With higher integration of semiconductor devices, miniaturization of insulated gate field-effect transistors (MOS transistors) has been required for the purpose of inhibiting increase in the chip size.
To meet the requirement, gate electrodes each obtained by stacking a polysilicon film on a refractory metal film or a refractory metallic compound film (hereinafter referred to as a “metal-containing film”) are put in use. Here, the metal-containing film is used to inhibit a short channel effect which would occur due to the miniaturization, and accordingly to maintain a conventional threshold voltage. The polysilicon film is used to protect the metal-containing film, and to inhibit increase in the resistance of the gate electrode.
Nevertheless, in the case where RIE (Reactive Ion Etching) is used to etch a gate electrode film obtained by stacking the polysilicon film on the metal-containing film, there is a problem that a skirt-shape etching residue is likely to remain in a lower portion of the gate electrode film after the RIE process because of the three-dimensional structure of the gate electrode.
In addition, the problem that the gate electrode film is formed into a skirt shape or a tapered shape also occurs depending on a type of metal used for the gate electrode film, due to the lower vapor pressure of reaction products of an etching gas with the metal-containing film.
As a result, gate electrodes whose shapes are perpendicular to the semiconductor substrate cannot be obtained, and the gate electrodes vary in shape from one to another. Such variation deteriorates the gate characteristics, thereby leading to a problem of not obtaining MOS transistors having stable characteristics.
The foregoing problems further cause another problem that miniaturization of MOS transistors is so hindered as to make it difficult to inhibit the increase in the chip size.
On the other hand, methods of manufacturing a MOS transistor having a gate electrode using a refractory metal have been known.
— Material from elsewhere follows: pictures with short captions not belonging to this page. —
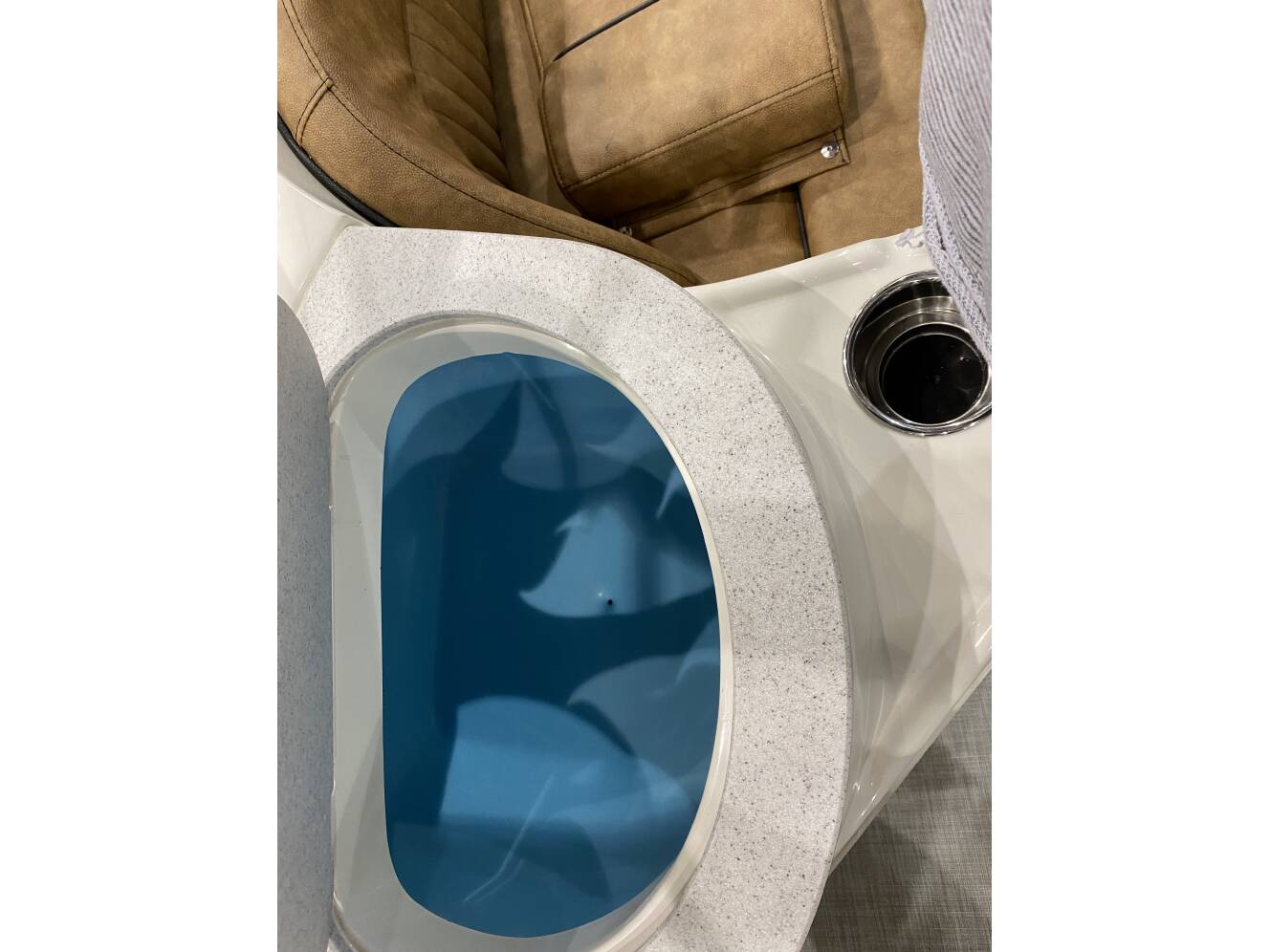 A photo of this 2022 Stingray 250 Lr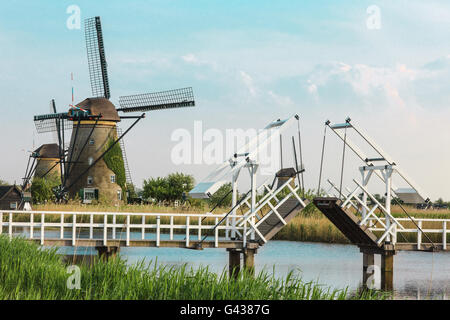 Beaux moulins à vent hollandais traditionnel près de l'eau canaux avec pont-levis Banque D'Images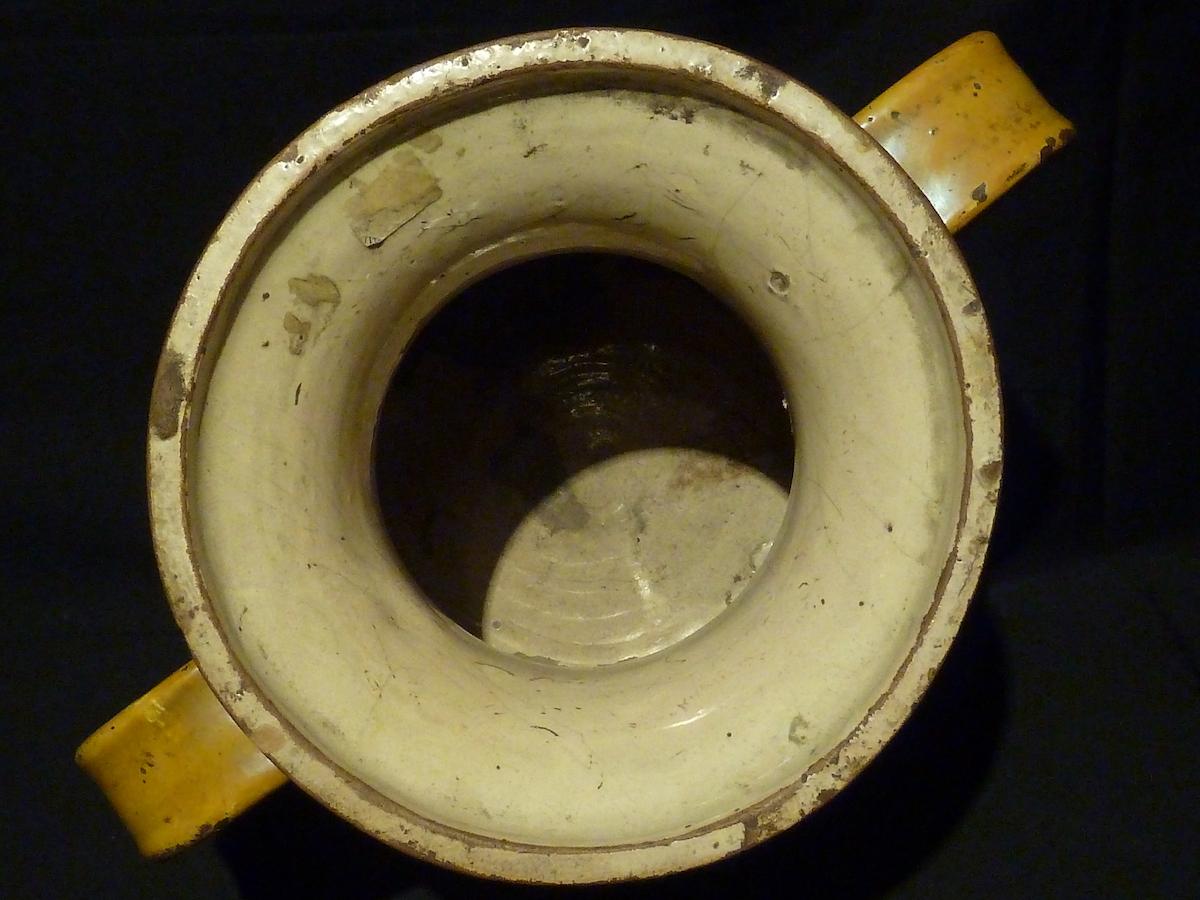 Deruta Biansato Vase, First Half of the 16th Century 2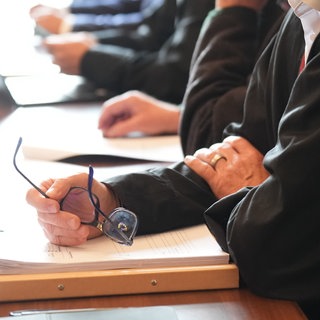 Anwälte in einem Gerichtssaal. Ein Bauprojekt mit Hotel, Parkhaus und Tagungszentrum in Konstanz endet vor Gericht. Ein 68-Jähriger soll Anleger um fast fünf Millionen Euro betrogen haben.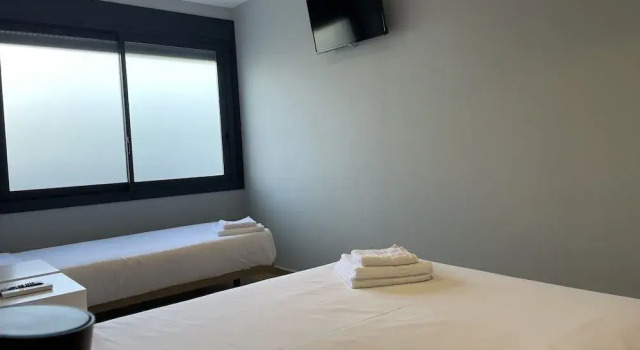 Hey Rooms, Забронировать Отель Отели Vallès Occidental 3 звезды, 3*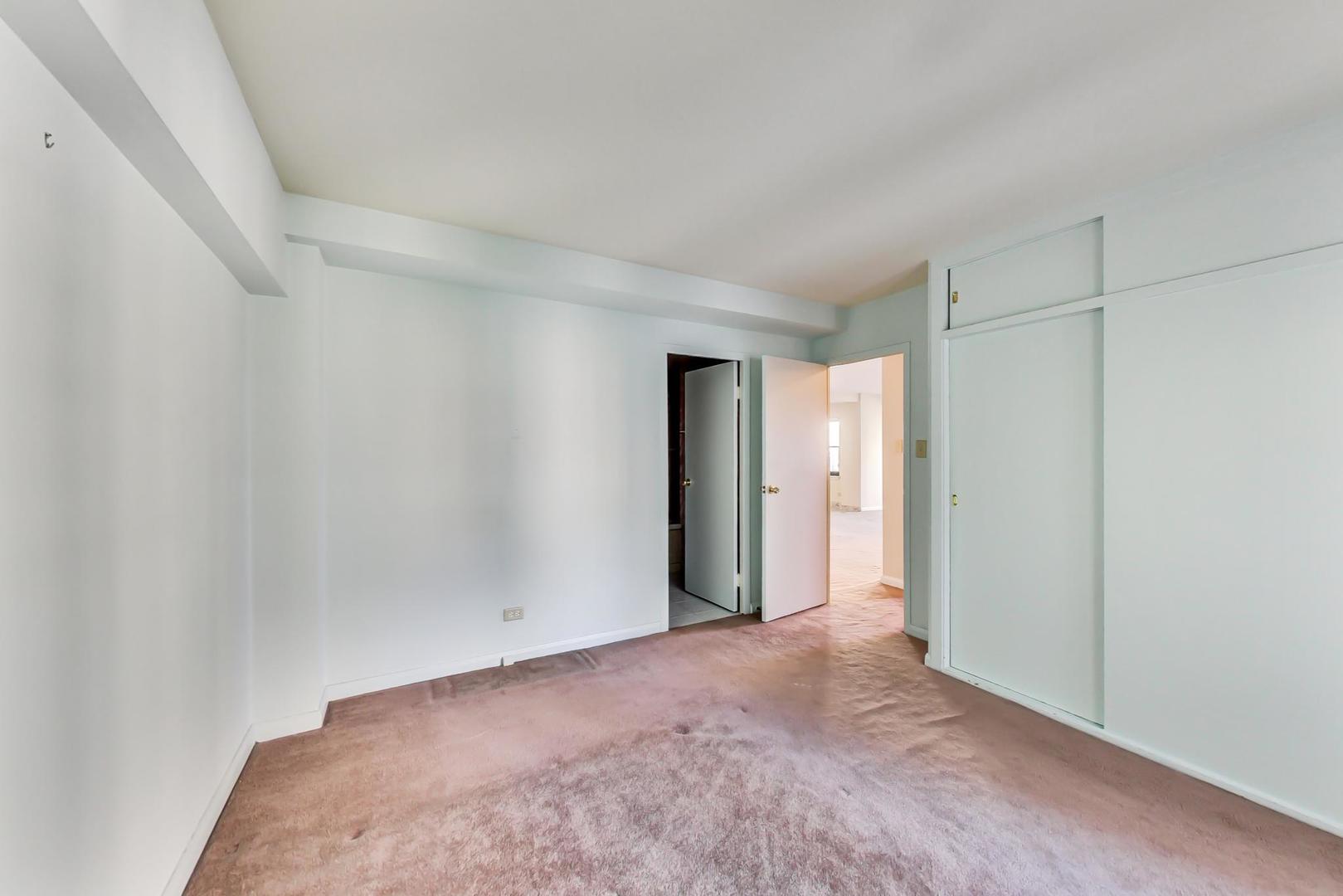 1350 North Astor Street, Unit 9B Chicago, IL 60610 - Photo 17 of 25 a view of an empty room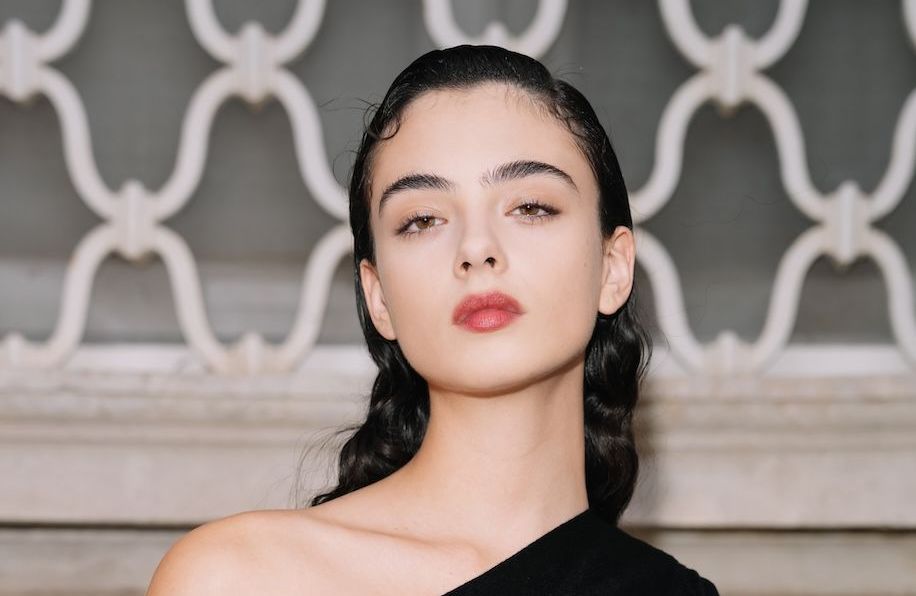 « Ma normalité » : Deva Cassel évoque la notoriété de ses parents, Monica Bellucci et Vincent Cassel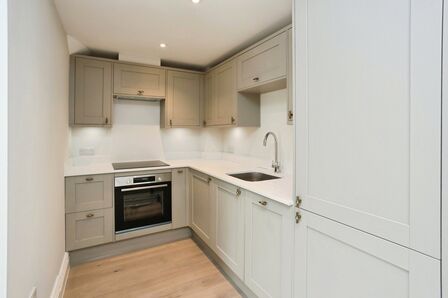 High Street, 2 bedroom Flat to rent, &pound;1,595 pcm
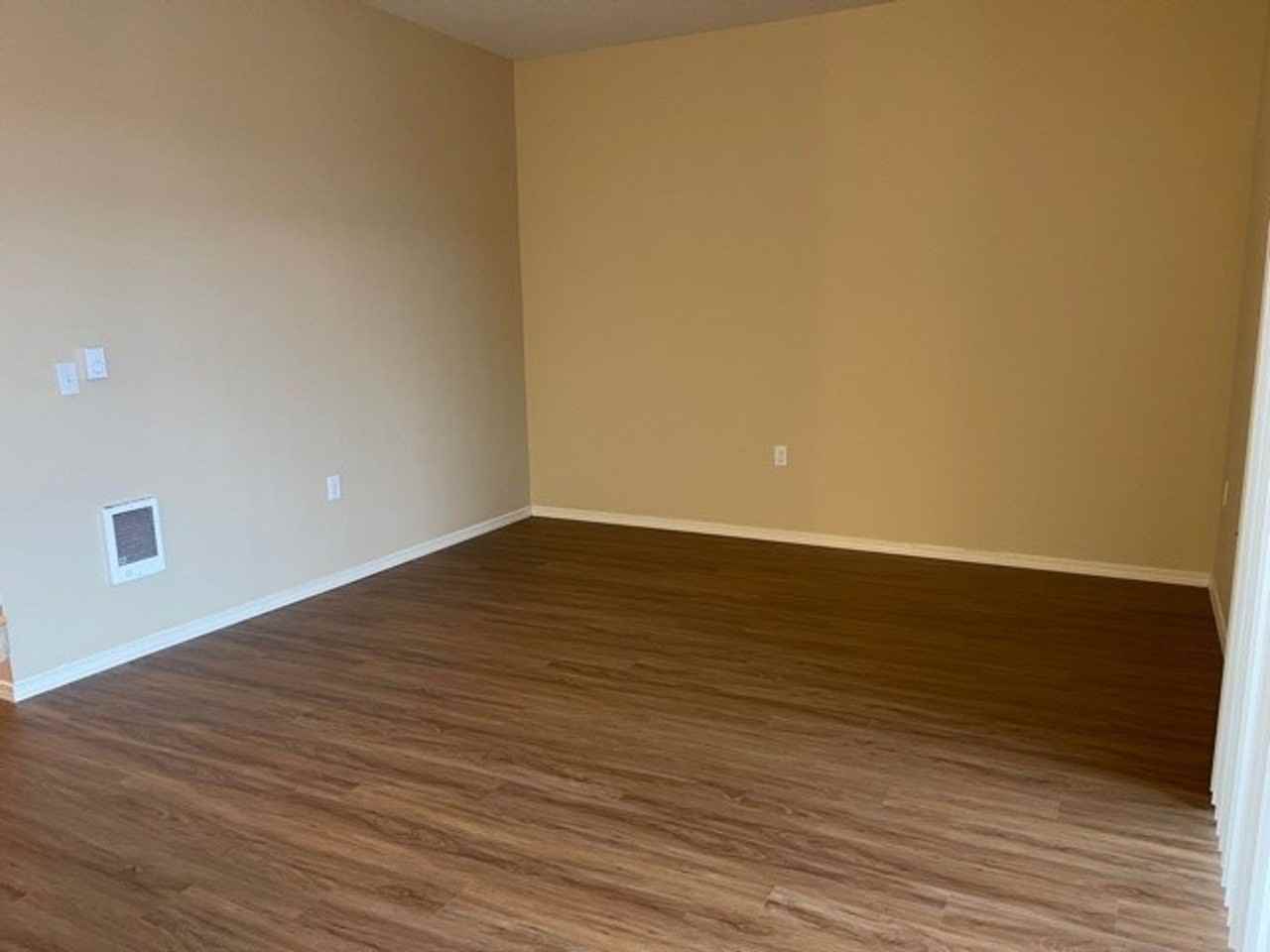 134-Valley Pointe Apartments - Photo 6 of 23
One of the semiconductor device manufacturing methods of such kind is disclosed in Japanese Patent Application Publication No. 6-53495.
The above method of manufacturing a semiconductor device includes the steps of; depositing a first layer of relatively high density refractory metal on a gate oxide layer formed on a silicon substrate; depositing a second layer of relatively low density refractory metal on the first layer of relatively high density refractory metal; etching the second layer to form an upper gate electrode portion; and etching the first layer to form a lower portion of the gate electrode that extends laterally beyond the upper gate electrode portion.
Nevertheless, the above method of manufacturing a semiconductor device is intended to form an inverted-T-shaped gate electrode, and provides neither disclosure nor suggestion about the above-described problem.